Can someone explain this discrepancy between the histograms in GIMP and RT?

ggbutcher · May 31, 2018, 4:05pm

Without inspecting eithers’ code, it would appear RT is scaling the vertical plot of each channel to that channel’s maximum, and GIMP is scaling it to the max of all three channels or something similar. If this assumption holds, I’d say that GIMP’s presentation is actually more informative, in that the relative magnitudes of each channel can be considered. I’d simplistically surmise the image that these histograms represents just doesn’t have a lot of blue in it.

RT’s histogram does more prominently illustrate that more blue values are being clipped at the upper bound. GIMP also shows it (I think) in that little ‘notch’ in the bottom right corner.

Goes to show, select-able log/linear scaling of the x axis is important, but relative scaling of the y axis also has to be considered in how we construct histograms.

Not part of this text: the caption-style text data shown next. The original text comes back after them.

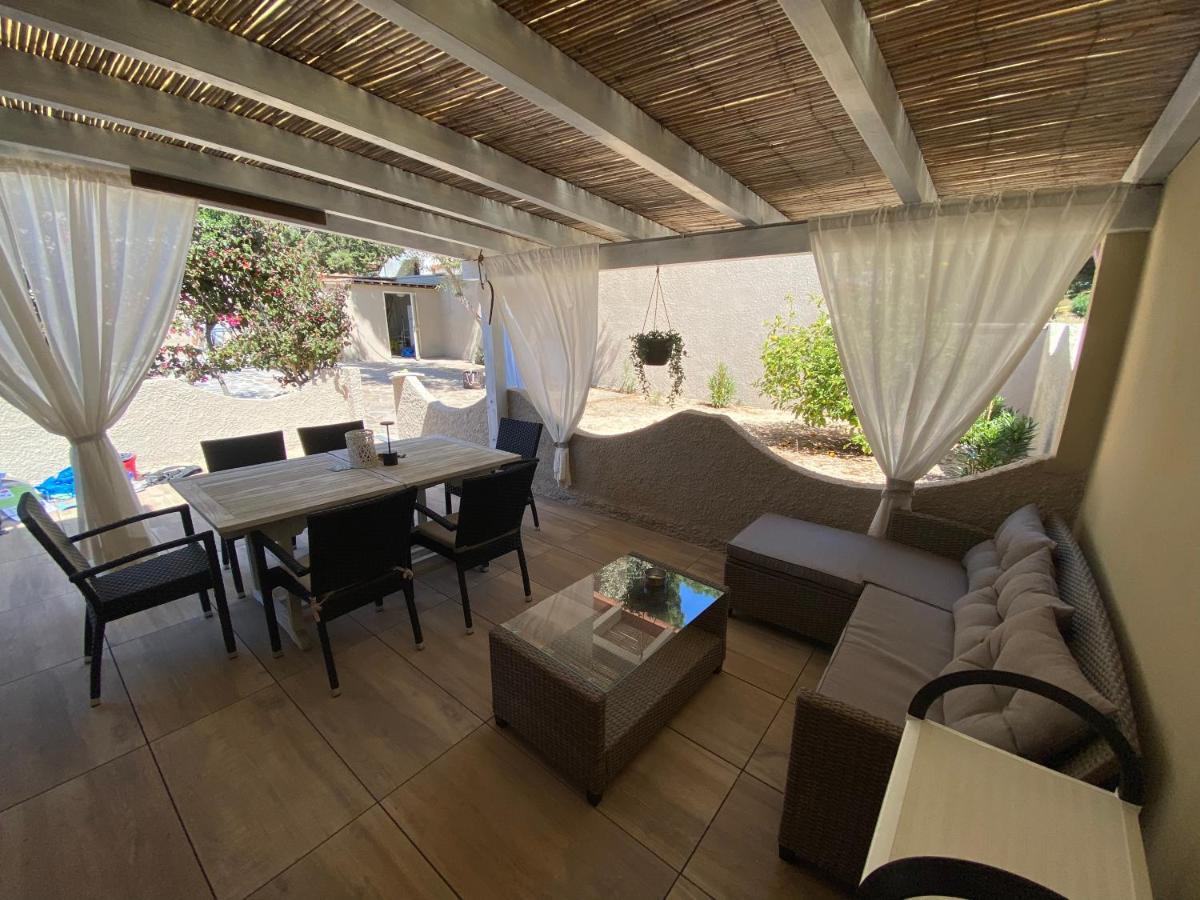 Casa Teresa Villa Porto Pino Buitenkant foto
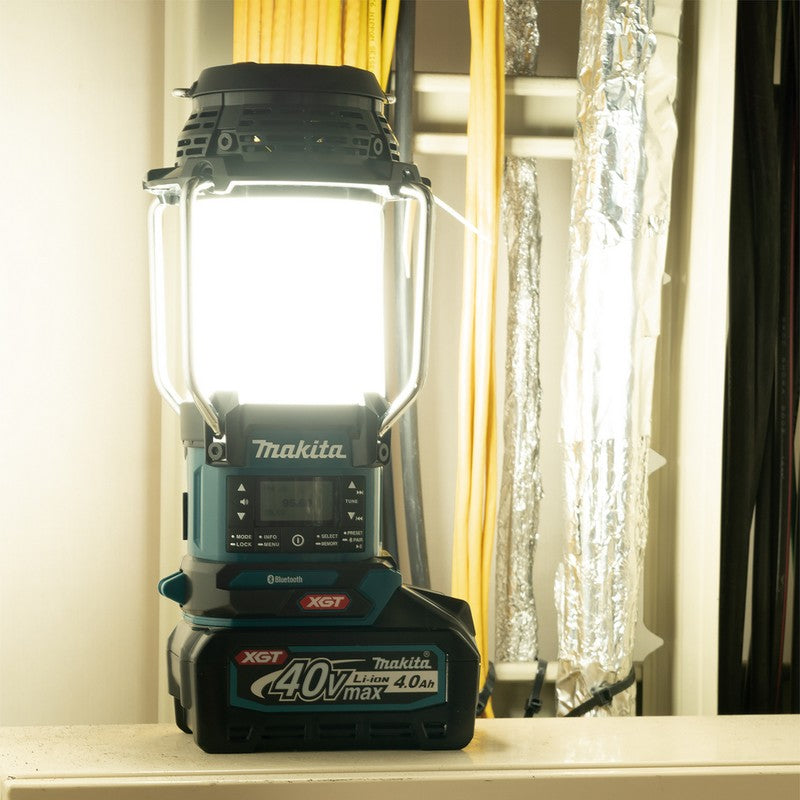Rádiový prijímač s lampou a baterkou 40vmax Xgt 0*ah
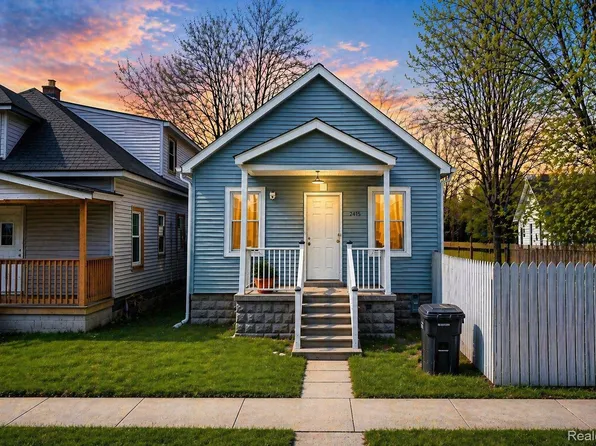 2415 McLean St, Hamtramck, MI 48212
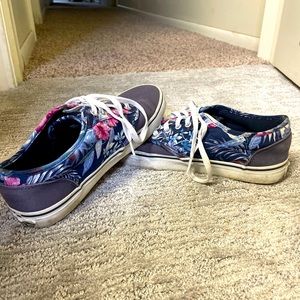 Women’s size 9 floral vans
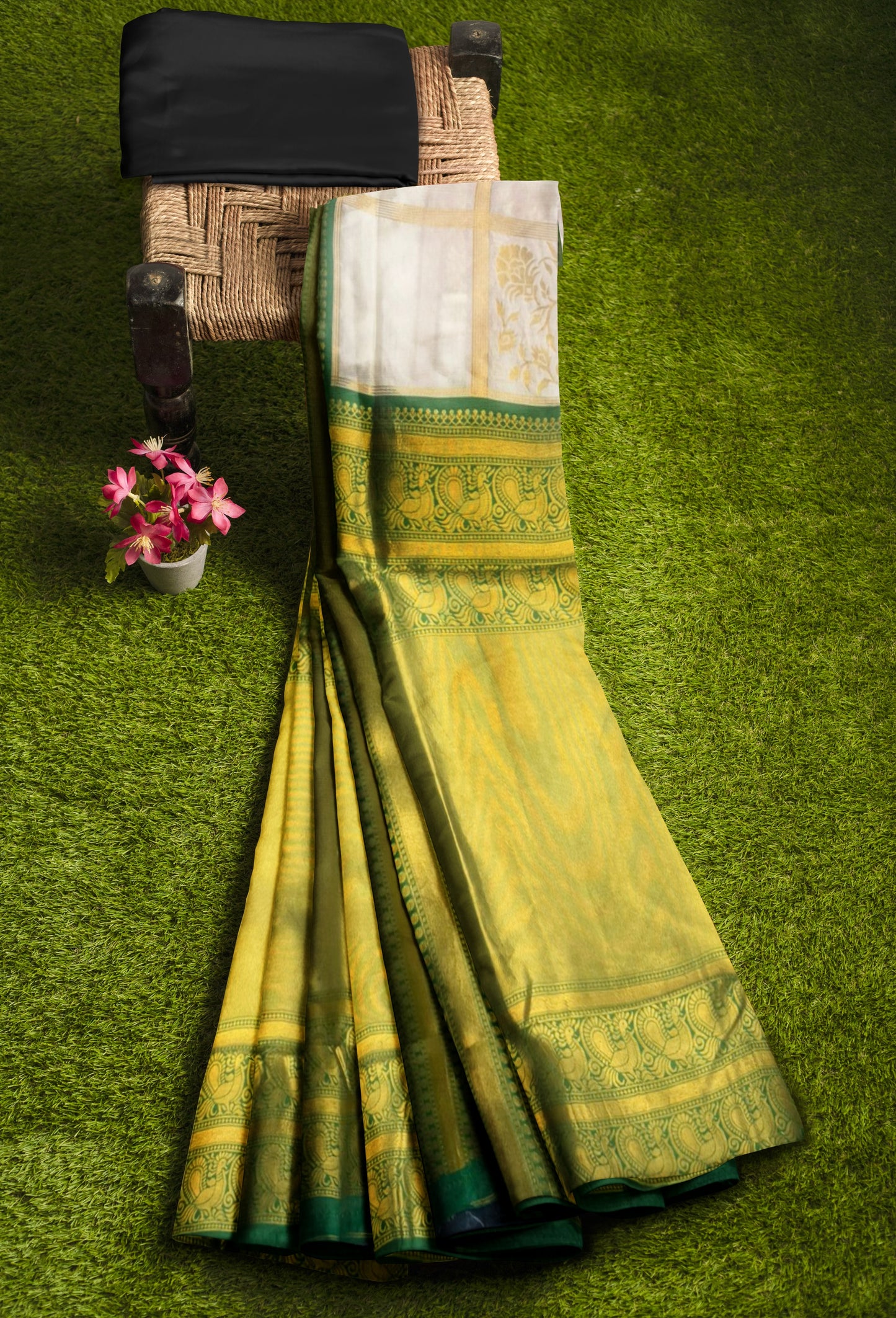 Women Kanjeevaram Woven Silk Saree with Contrast Border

james · May 31, 2018, 5:23pm

You can enable/disable scaling in RawTherapee, using the small triangle icon next to the histogram.

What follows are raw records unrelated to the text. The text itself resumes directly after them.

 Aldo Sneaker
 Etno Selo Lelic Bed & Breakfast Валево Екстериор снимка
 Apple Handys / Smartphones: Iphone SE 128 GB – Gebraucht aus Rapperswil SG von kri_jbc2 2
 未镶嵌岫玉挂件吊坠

afre · May 31, 2018, 5:29pm

Both RT and GIMP have scaling and representation options. In the Curves window (GIMP), there are four buttons on the top right.

ajax · May 31, 2018, 5:38pm

While this could explain the difference in the histograms it would suggest that the RT method deceiving. If this means GIMPs is more accurate, I’d say it could mean it is better than RT but still not useful.

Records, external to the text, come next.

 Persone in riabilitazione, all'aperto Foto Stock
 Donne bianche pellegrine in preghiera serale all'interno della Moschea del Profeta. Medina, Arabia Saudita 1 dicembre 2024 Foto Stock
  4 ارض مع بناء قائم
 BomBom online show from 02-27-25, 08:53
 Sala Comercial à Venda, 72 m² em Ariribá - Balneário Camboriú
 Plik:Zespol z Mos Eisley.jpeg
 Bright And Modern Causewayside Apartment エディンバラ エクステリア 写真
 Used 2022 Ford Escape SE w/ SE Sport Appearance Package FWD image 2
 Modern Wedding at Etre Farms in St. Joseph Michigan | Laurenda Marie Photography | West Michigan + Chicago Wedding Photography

ajax · May 31, 2018, 5:52pm

Nearly the upper half of the scene is clear blue sky on a bright sunny day. The bright sun does make it whiter (washed out if you will). It is in fact the desire to make that sky a bit bluer without distorting other colors is one of my primary objectives for this picture. Something I’ve read about but must admit to minimal understanding has to do with human perception. Could it be that even though I’m seeing a lot of blue fewer pixels are involved in doing it?

ggbutcher · May 31, 2018, 5:55pm

Statistics guy here, don’t know if I’d call it ‘deceiving’. Maybe, ‘not as useful’…

Need to remember what a histogram is, and that is a set of counts of value occurrences. The accuracy word applies to the relative heights of the bars representing the counts, and for the single-channel histograms above, that relativeness is apparent. Maybe not prominent in some cases.

Image histograms are challenged in a number of ways. The one pertinent to this discussion is the space available for depicting the bars of the largest ‘bucket’; there are just not enough pixels in any display to allow a unit-quantifiable scaling of our large image channel values. So, the bars are scaled, down to little windows at that. But, in all of the histograms presented, the relationships of the individual bars is apparent and mostly useful.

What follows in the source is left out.